Em “O Alegre combate de Klaxon”, excelente introdução á edição fac-similar da revista, Mário da Silva Brito afirma que “em Klaxon aparece, sob forma de artigos, poemas, comentários, críticas de arte, piadas e farpas zombeteiras, o estado de espírito do grupo de jovens que elaborou a ideologia modernista”. Do comitê de redação, participam ativamente Menotti del Picchia e Guilherme de Almeida. Porém , ainda que a revista não o registre de forma explícita, sabe-se hoje, por intermédio de Aracy Amaral, que Mário de Andrade foi “diretor e líder da revista“. Mesmo assim, de um número para outro prevalece o espírito de grupo anunciado no texto introdutório : “KLAXON tem uma alma coletiva”. Essa apresentação tem todas as características de um manifesto e, embora venha assinada pela Redação, ela é , segundo Mário da Silva Brito, de autoria de Mario de Andrade.

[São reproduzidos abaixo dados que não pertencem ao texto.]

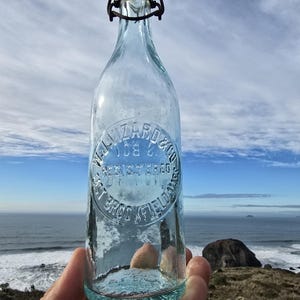 May include: A clear glass bottle with a wire bail closure. The bottle has a circular label that reads "Wizard Ice Co. Registered. Est. Bros. of Yelowas".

Das diversas revistas modernistas que proliferam no Brasil dos anos 1920, Klaxon sem dúvida é plasticamente a mais audaciosa , a mais renovadora e a mais criativa, não só por sua belíssima diagramação , que lembra técnicas da Bauhaus, como pelas modernas ilustrações de Brecheret e Di Cavalcanti. Seu caráter cosmopolita é explícito: “KLAXON sabe que a humanidade existe. Por isso é internacionalista”[1]. A revista traz artigos e poemas de autores franceses, italianos e espanhóis , todos em suas línguas originais; é, além disso, poemas de Manuel Bandeira e Serge Milliet (que assinava assim na época) compostos em francês. Estes últimos são ainda influenciados por uma certa estética simbolista. Mas na revista predomina o tom futurista (“KLAXON não é futurista. KLAXON é klaxista”) e um desejo de abolir o passado para viver o presente, o moderno. Essa ânsia de atualidade leva os redatores a afirmarem que Klaxon “quer representar a época de 1920”, numa espécie de glorificação da sincronia.
A negação da realidade, em favor da arte como expressão cerebral e construtiva, aparece na afirmação: “KLAXON sabe que a natureza existe. Mas sabe que o moto lírico, produtor da obra de arte, é uma lente transformadora e mesmo deformadora da natureza”. São aqui retomados os postulados do criacionismo na relação arte/natureza, que Mário de Andrade absorvera através dos textos de Huidobro publicados em L’Esprit Nouveau.
Irreverente e sarcástica, Klaxon apresenta um perfil de típica agressividade vanguardista, conforme relembra Menotti del Picchia: “é uma buzina literária, fonfonando, nas avenidas ruidosas da Arte Nova, o advento da falange galharda dos vanguardistas”.
[1] Em Ramón Gómez de la Serna supôs acertadamente que Mário de Andrade era o fundador de Klaxon, e seu conhecimento do “desvairismo” leva a acreditar que teve nas mãos Paulicéia Desvairada, que começa com o célebre verso: “Está fundado o Desvairismo”.